── DATA TO USE

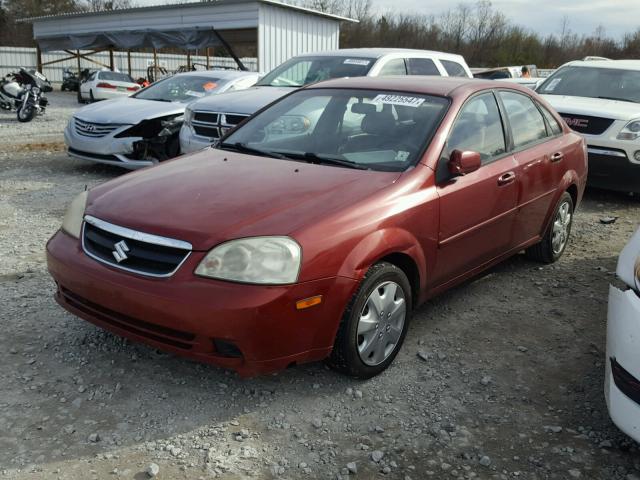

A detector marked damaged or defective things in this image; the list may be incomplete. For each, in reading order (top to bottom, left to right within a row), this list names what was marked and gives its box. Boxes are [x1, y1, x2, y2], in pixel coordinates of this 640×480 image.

white sedan with damage [62, 70, 258, 169]
white sedan with damage [608, 226, 640, 442]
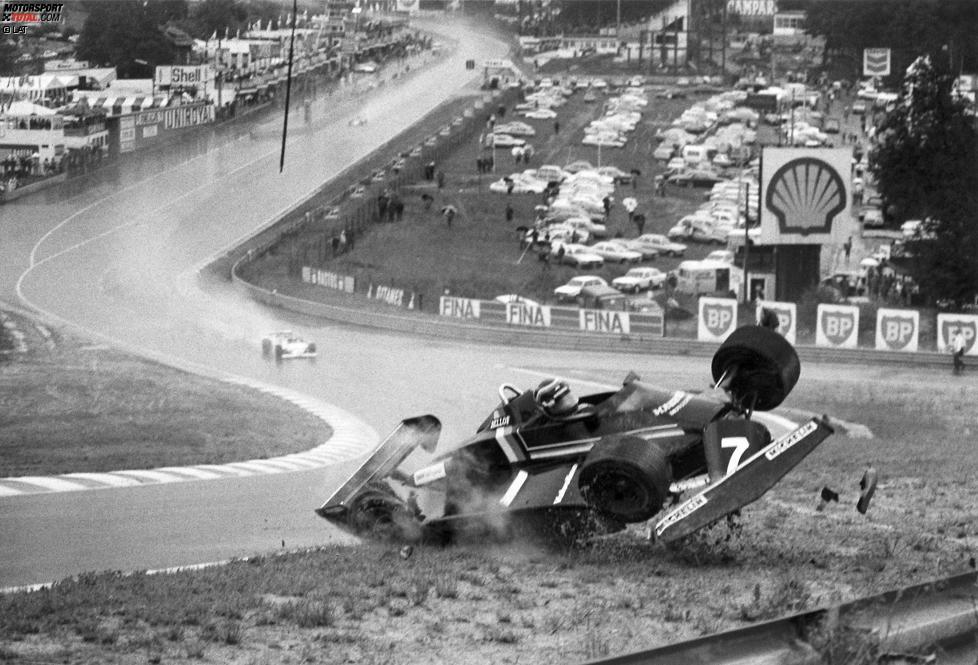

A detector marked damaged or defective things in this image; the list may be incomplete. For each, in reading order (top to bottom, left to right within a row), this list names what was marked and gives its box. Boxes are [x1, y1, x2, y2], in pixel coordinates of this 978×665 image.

overturned race car [318, 326, 832, 544]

────

TASK TO COMPLETE
Give again, word for word, every line from the one holding "this 978×665 image." to the end of the data.

WRITTEN SOLUTION
A detector marked damaged or defective things in this image; the list may be incomplete. For each, in reading order (top to bottom, left to right within a row), this list names what was marked and gives its box. Boxes are [x1, y1, x2, y2], in pixel coordinates of this 978×665 image.

overturned race car [318, 326, 832, 544]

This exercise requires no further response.